To do:
Exact reproduction required: the lines below from the line with "Artistic depiction of" to the line with "18-in-1 Survival tool", both ends included, and no others.

Data shown:
____

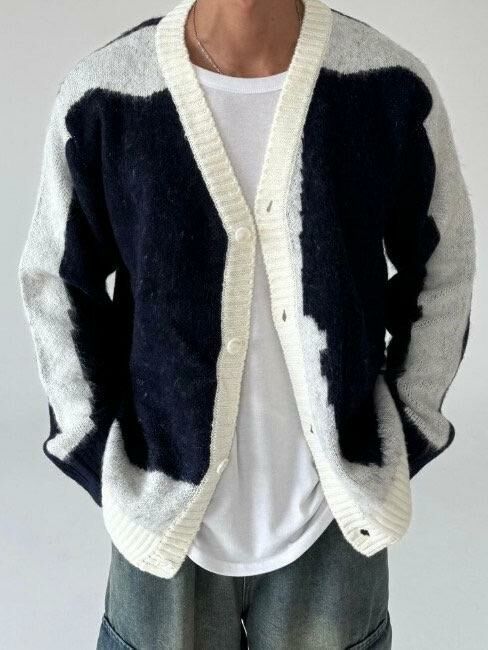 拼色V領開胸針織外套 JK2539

____

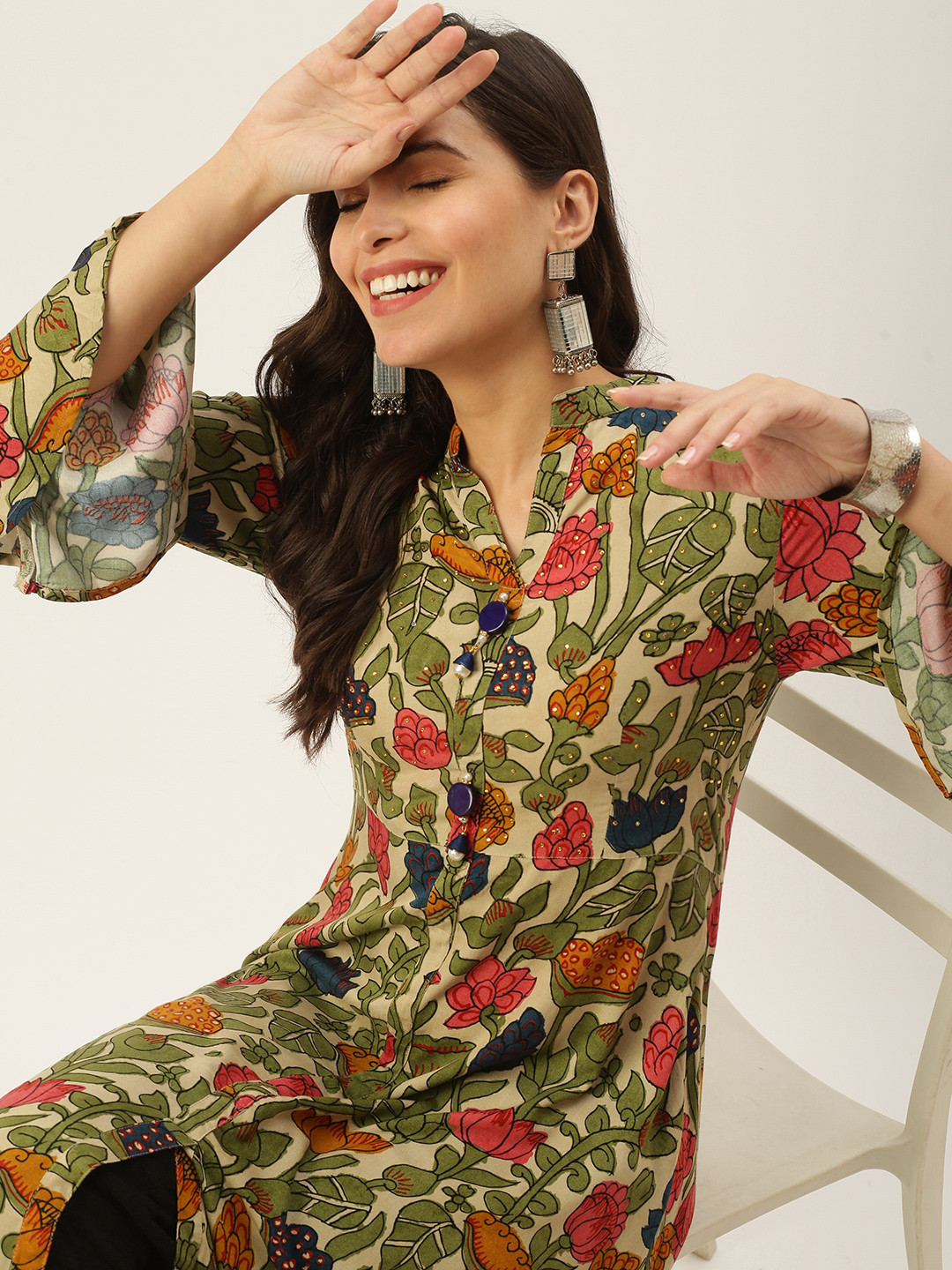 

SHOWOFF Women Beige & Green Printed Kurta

____

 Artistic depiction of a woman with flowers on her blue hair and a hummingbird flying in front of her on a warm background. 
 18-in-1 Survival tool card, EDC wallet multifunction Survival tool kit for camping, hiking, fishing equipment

____

Expected answer:
 Artistic depiction of a woman with flowers on her blue hair and a hummingbird flying in front of her on a warm background. 
 18-in-1 Survival tool card, EDC wallet multifunction Survival tool kit for camping, hiking, fishing equipment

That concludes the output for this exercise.